Teach your son to respect women and girls
Mahmuda Rahman Khan writes for DOT :
We have been independent since 1971, to be precise we will celebrate 48th year of independence this year. Bangladesh will be the third fastest growing economy in the world in terms of achieving high Gross Domestic Product (GDP) in 2019, according to a United Nations report. The country’s economy is growing at a consistent rate of 7.2% in last few years, striving to become a middle income country by 2021.
In the last 48 years, Bangladesh has progressed a lot, both on economic indicators as well as social indicators. The maternal mortality rate has gone down to 174 per 100,000 live birth in 2014 compared to 600 per 100,000 live births in 1975. Between 2007 to 2016, the literacy rate for females has risen from 43.74% to 69.90%, and for males from 49.83% to 75.62%. Bangladesh has also topped the South Asian countries in gender equality for the third consecutive year, ranking 47th among 144 nations. These are all remarkable statistics, without a doubt.
But my question is, where we really stand when we talk about gender equality? I would like to point out two important issues. As I understand, in order to have equal status with men, a) women have to have a secure, violence free society, b) equal access to and control over resources to exploit their full potential. Do we really have that? Statistics tell us a different story.

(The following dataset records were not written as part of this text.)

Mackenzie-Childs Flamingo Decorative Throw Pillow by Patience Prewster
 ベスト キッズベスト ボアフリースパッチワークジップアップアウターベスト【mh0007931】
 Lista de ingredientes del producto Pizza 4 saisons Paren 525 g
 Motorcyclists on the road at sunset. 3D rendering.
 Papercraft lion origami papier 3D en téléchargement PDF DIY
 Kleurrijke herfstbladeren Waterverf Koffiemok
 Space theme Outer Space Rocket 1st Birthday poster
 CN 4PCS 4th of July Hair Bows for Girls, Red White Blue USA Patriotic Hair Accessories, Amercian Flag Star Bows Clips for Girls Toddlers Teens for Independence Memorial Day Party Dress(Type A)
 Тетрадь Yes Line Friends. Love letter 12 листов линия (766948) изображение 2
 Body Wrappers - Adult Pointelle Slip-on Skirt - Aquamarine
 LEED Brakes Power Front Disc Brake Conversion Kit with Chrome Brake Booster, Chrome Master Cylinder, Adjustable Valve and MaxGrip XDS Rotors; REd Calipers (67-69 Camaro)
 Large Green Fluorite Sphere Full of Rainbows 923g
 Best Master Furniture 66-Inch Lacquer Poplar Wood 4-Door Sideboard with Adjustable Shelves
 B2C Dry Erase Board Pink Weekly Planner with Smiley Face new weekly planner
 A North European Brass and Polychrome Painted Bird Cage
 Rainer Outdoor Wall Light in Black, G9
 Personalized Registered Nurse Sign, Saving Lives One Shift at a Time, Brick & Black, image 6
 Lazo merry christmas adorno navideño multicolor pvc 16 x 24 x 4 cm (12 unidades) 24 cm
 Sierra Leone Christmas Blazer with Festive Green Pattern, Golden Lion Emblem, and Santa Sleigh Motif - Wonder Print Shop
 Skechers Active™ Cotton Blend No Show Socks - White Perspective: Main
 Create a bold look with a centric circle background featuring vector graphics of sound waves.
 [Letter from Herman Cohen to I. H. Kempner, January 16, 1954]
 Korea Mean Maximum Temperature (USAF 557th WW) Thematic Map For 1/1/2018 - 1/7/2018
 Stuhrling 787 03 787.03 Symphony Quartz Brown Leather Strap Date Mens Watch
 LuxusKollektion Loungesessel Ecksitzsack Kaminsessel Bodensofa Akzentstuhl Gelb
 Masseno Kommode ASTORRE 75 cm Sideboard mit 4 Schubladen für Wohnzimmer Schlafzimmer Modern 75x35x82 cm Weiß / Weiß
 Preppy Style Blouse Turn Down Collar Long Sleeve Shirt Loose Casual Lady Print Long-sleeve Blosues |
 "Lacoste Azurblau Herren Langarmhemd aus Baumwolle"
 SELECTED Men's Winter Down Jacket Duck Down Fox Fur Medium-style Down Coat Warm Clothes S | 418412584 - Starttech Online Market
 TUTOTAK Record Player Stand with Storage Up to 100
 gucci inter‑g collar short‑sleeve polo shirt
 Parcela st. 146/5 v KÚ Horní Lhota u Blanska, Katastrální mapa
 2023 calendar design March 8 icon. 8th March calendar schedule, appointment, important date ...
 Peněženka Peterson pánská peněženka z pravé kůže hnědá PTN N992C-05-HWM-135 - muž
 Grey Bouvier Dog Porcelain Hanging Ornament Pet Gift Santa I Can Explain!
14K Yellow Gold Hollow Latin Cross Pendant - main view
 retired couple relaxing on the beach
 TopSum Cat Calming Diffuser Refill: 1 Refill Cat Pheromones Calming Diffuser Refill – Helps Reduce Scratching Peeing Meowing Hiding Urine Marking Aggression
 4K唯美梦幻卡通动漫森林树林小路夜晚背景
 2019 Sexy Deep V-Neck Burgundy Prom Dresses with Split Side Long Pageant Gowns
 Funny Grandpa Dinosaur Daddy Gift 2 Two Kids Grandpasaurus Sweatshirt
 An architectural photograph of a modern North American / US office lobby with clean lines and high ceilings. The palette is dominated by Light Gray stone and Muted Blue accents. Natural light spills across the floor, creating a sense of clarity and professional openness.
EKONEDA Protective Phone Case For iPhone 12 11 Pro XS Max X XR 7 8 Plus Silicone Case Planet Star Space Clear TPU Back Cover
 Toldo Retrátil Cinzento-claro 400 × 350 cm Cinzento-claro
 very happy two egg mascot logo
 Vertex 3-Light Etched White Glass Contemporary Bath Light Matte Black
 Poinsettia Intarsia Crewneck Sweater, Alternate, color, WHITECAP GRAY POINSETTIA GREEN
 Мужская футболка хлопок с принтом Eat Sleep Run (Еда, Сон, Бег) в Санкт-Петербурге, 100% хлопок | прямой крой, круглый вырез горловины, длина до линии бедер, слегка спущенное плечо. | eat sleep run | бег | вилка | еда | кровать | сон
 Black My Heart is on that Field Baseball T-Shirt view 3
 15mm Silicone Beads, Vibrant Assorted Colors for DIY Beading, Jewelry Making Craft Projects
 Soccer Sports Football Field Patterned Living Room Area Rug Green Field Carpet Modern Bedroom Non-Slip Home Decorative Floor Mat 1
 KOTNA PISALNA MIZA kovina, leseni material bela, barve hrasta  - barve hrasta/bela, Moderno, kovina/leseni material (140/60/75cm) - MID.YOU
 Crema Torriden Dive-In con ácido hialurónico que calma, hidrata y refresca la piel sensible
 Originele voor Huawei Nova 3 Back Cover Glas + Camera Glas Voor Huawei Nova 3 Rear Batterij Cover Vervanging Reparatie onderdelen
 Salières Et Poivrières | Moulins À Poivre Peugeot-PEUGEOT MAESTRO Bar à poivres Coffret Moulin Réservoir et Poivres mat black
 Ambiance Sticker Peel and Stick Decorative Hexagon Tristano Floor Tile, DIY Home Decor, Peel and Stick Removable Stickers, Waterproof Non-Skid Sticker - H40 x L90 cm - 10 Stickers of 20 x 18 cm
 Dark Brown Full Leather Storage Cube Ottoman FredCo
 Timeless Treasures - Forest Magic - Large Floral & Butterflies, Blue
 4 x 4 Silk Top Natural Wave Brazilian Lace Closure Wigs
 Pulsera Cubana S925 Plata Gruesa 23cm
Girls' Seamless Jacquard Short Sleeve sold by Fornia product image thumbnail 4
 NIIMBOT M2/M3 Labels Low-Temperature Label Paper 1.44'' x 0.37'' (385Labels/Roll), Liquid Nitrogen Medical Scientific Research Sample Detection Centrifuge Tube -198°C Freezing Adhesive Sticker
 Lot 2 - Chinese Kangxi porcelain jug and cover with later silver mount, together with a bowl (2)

The prevalence of high rate of gender based violence in Bangladesh is one of the major barriers for achieving gender equality and promoting women’s empowerment. As per the BBS VAW survey 2015, 73% of ever married women in Bangladesh have experienced any kind violence by their current husband, 55% reported any type of violence in the past 12 months, and 50% reported physical violence in their lifetime. A large number of incidents remain undocumented. In a recent interaction with corporate sector, it appeared that there are high incidences of sexual violence in work places despite high court division’s landmark directives for protecting women from sexual violence. As a result of that many women and girls often just leave the job as there is no place to talk about it; and even if women talk about it, most likely they would be blamed in our patriarchal society. In that discussion, men kept on referring to existing laws and blaming the society for this kind of incidence.
Yes, lack of enforcement of the laws is an important issue but as an educated member of the society, can men deny their responsibility to stop gender based violence?
Secondly, though our constitution gives equal status for both men and women but on the other hand women cannot have equal share of property due to discriminatory inheritance law. In Bangladesh, under Islamic law, the wife inherits a fixed share of one-eighth of the deceased husband’s property if he leaves children, whereas the husband receives one fourth of his deceased wife’s property. A daughter, who is an only child, inherits half the estate of her late father or mother. If there is more than one daughter and no son, then the daughters jointly inherit two-thirds of the estate. However, if there is a son, then the daughter’s share will be equal to half of the son’s share. In all cases, men inherit more than the women do. However, the point I want to make here is the word “deceased”. So, the inheritance law applies once a person dies. All the fathers are very fond of their daughters and the daughters are extremely affectionate towards their fathers. If this is true, why can’t those fathers distribute the property equally to their daughters and sons, when they are alive? Who stops them distributing equal share of property between son and daughter?
So, no matter how many good laws and policies we develop, unless we change the mindset of people, especially men, we have a long way to go. For changing mindset, family is the first institution, where you teach your son to respect women and girls, to equally share everything with sister, starting from food to property.
At the end, I would like to salute and pay respect to all the women who contributed to the Liberation War of Bangladesh in 1971. During our Liberation of War, around 200,000-400,000 women were tortured and raped by Pakistani Military and their collaborators as mentioned by Shah Tazrian Ashrahi in the Daily Star today, however, these Birangonas were never respected and their contribution to war was not recognized. These war heroines were tortured by men and they were not recognized because of the patriarchal society. Finally, educate your children especially son about our history, the history of our heroines who are the freedom fighters, for whom we are independent today!
The writer is the general secretary and gender specialist at Shishu Aangina.